Most of Fallout’s visuals have aged well. While the isometric graphics are nice consistently good, the best thing about the game’s look are ‘talking heads’: special animations shown during dialog with important voiced characters. Those were created by digitizing actual physical clay models and animating them, which made everything look a little different from the usual low-poly 3D graphics of the time. Some of the interface elements look really great as well: vacuum tube amplifier through which the conversations are played, menus based on mechanical buttons, even the analog display in every elevator. The only thing that looks kind of bad are movement animations which seem very unnatural due to hex-based pathfinding (it doesn’t help that they’re rather slow in combat which gives you a lot of time to look at everything that’s wrong with them).
The game’s soundtrack made by Mark Morgan consists of dark and atmospheric ambient music. It does its job but unlike with the composer’s Planescape: Torment soundtrack, only a few tracks (e.g. the ones that play in Mariposa and Boneyard) are memorable outside of the context of the game. Unfortunately, those tracks are also the ones that don’t seem to be entirely original as Mariposa theme seems to contain samples of Brian Eno’s Alternative 3 while the Los Angeles music is very similar to Grass by Aphex Twin. The game seems to use sampled music in other places as well, although those tracks are brought up most often as the similarities are the most obvious. Sound effects and voice acting (used only for certain characters as most are text-only) are generally very good, with the latter having a few noticeable highlights like the intro speech or dialog with The Master.

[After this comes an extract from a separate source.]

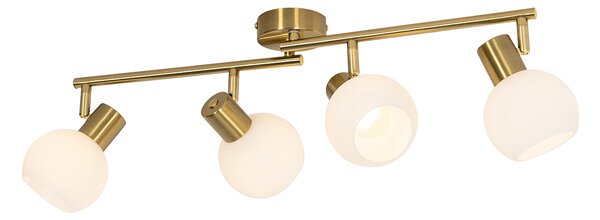 Spot luminos inteligent de tavan auriu cu sticlă opală 4 lumini reglabil incl. 4 Wifi P45 - Anouk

On a technical level, Fallout is mostly competent which would later prove to be an exception rather than a rule as the games in the series are known for their bugs. There are some issues with combat AI (both enemies and companions will fixate on one opponent and will fight him until one of them dies, even if the said opponent is running away while somebody else is shooting them in the back) and one of the endings becoming inaccessible but otherwise, the game plays fine. On modern computers, the game is playable (albeit with an occasional crash due to memory management issues) as newer releases include widescreen support although it is better to turn the resolution down as it doesn’t scale things, it just draws more of them on the screen.
Fallout is an amazing game and one of the most important RPGs of its time. Its systems are well designed, its worldbuilding its brilliant and the amount of meaningful choice it gives to the player is just impressive. While its interface takes a while getting used to (although it quickly becomes second nature) and the complexity means that it’s not a game you just pick up and play, it becomes insanely rewarding after you learn how to play it. It’s not as big of a time investment as one may think anyway: the game is much shorter than other mainline Fallout titles.